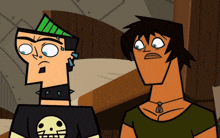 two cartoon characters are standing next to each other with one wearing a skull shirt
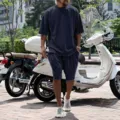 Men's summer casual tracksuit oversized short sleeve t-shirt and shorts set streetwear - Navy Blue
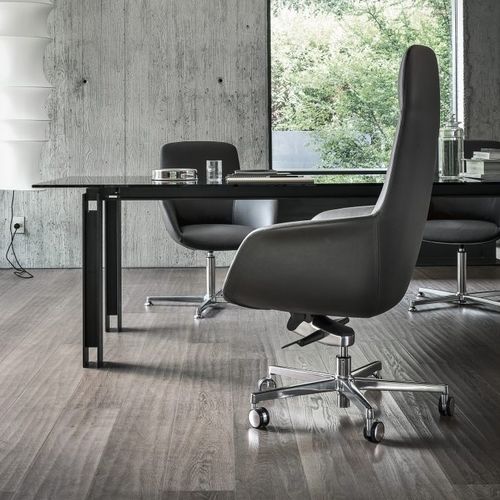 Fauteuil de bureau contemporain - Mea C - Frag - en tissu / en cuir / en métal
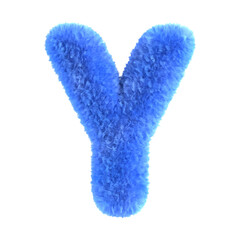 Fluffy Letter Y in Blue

* * *

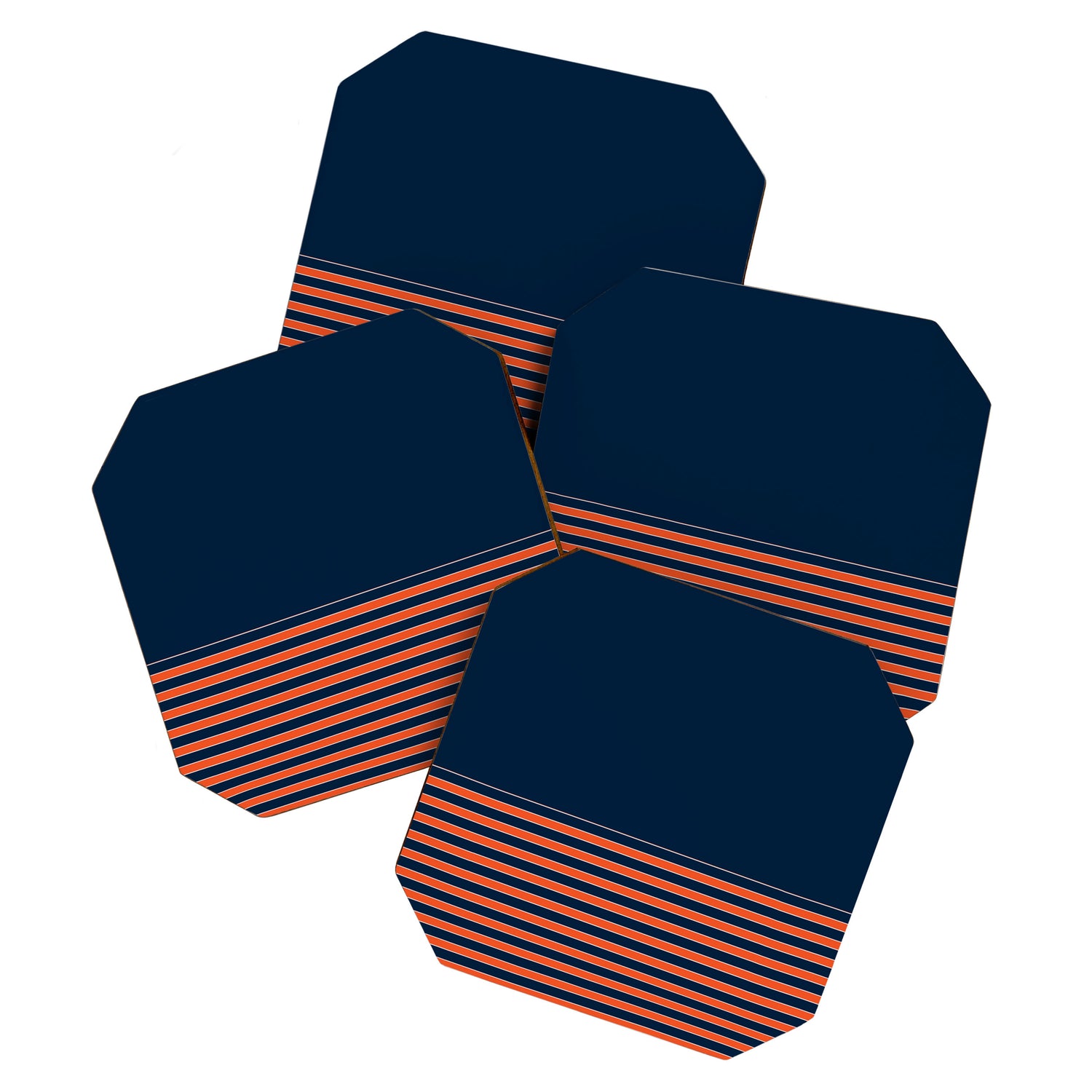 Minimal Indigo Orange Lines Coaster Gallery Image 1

> **What you are asked to do**: Pictures aside, return exactly the lines from the data above, starting at the line that has "Fauteuil de bureau" and ending at the line that has "Fluffy Letter Y in Blue", both included.

> **Written answer**:
 Fauteuil de bureau contemporain - Mea C - Frag - en tissu / en cuir / en métal
 Fluffy Letter Y in Blue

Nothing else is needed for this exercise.